The former U.S. Labour Secretary writes poignantly that "unless we are committed narcissists, our concerns are not limited to our own jobs, wages and benefits. We're also members of communities, participants in the life of our neighbourhoods, members of a democracy, patriots. Standard economic models have little to say about any of these altruistic sentiments". Reich says Americans care about companies polluting the air, trampling human rights abroad, pandering to our baser sexual instincts and corrupting our moral sentiments
Lower payrolls
But he says graphically, "Where do we suppose the great deals come from? In part, they come from lower payrolls from workers who have to settle for lower wages and benefits. They come from companies that shed their loyalties to particular communities and morph into global supply chains, paying pennies to 12-year-olds in Indonesia. They come from companies all over the world who wreak havoc upon the environment and from companies that pump out violence and porn or nutritionless foods and beverages."

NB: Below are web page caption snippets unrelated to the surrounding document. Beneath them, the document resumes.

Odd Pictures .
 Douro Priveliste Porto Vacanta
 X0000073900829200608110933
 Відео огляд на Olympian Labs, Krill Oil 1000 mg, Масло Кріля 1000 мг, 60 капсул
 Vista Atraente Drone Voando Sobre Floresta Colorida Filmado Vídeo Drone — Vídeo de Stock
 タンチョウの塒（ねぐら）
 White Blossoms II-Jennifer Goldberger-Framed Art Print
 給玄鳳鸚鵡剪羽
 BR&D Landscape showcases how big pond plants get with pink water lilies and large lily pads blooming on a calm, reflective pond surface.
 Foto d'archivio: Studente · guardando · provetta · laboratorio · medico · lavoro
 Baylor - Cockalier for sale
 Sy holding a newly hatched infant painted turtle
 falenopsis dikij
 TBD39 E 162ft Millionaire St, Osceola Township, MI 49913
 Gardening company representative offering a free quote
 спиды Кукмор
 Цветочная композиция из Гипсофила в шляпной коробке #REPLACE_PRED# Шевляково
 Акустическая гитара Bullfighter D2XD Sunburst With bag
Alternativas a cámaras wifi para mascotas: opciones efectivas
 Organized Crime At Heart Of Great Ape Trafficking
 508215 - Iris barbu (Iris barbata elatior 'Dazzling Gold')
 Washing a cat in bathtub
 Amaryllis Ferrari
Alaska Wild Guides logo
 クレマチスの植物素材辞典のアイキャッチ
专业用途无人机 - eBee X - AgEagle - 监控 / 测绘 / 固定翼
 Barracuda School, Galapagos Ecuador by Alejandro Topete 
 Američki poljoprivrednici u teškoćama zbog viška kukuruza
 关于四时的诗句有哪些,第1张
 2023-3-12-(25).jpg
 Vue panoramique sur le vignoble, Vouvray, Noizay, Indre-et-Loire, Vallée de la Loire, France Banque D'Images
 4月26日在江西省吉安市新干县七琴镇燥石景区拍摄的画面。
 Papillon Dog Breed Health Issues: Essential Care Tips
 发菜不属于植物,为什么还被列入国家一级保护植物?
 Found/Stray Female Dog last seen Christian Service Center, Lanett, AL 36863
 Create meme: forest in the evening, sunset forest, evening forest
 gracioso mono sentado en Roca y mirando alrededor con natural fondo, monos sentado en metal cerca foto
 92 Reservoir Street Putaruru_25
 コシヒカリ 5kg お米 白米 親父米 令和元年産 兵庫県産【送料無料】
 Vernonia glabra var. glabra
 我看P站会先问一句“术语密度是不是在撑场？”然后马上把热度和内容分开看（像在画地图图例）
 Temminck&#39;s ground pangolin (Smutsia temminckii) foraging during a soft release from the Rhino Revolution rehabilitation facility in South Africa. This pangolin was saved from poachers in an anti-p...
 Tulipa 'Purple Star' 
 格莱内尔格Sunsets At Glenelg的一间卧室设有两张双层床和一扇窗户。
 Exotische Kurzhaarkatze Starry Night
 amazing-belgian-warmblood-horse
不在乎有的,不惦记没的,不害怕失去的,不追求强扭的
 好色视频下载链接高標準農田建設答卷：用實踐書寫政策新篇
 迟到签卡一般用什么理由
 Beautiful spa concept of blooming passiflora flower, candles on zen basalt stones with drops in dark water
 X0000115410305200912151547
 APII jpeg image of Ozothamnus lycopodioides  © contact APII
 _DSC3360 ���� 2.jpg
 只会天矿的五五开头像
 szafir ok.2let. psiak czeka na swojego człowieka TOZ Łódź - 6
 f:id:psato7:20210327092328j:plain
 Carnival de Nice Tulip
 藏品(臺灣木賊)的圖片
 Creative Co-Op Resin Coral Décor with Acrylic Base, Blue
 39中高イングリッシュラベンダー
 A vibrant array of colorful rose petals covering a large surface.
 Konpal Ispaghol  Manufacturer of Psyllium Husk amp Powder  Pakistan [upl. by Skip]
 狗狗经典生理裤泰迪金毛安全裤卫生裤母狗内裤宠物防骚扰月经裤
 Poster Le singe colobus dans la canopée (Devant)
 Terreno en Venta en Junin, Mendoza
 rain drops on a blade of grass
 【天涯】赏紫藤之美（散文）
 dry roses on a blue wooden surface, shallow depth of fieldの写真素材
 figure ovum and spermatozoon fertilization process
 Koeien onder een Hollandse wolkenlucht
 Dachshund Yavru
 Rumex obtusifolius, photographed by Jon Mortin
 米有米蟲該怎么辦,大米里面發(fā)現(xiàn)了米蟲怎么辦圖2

He goes on: "When we find great deals on cars, refrigerators, or almost any other manufactured item, it's often because the Americans who moulded, fit or clamped or bolted these things have either accepted cuts in pay or benefits or lost their jobs altogether. Their pay dropped or their job vanished along the road of supercapitalism."
Robert Reich details the casualties along the road of supercapitalism. I highly recommend his book for holiday reading - though there won't be much to cheer about. But perhaps it might prepare you for the New Year, for supercapitalism has arrived in Jamaica.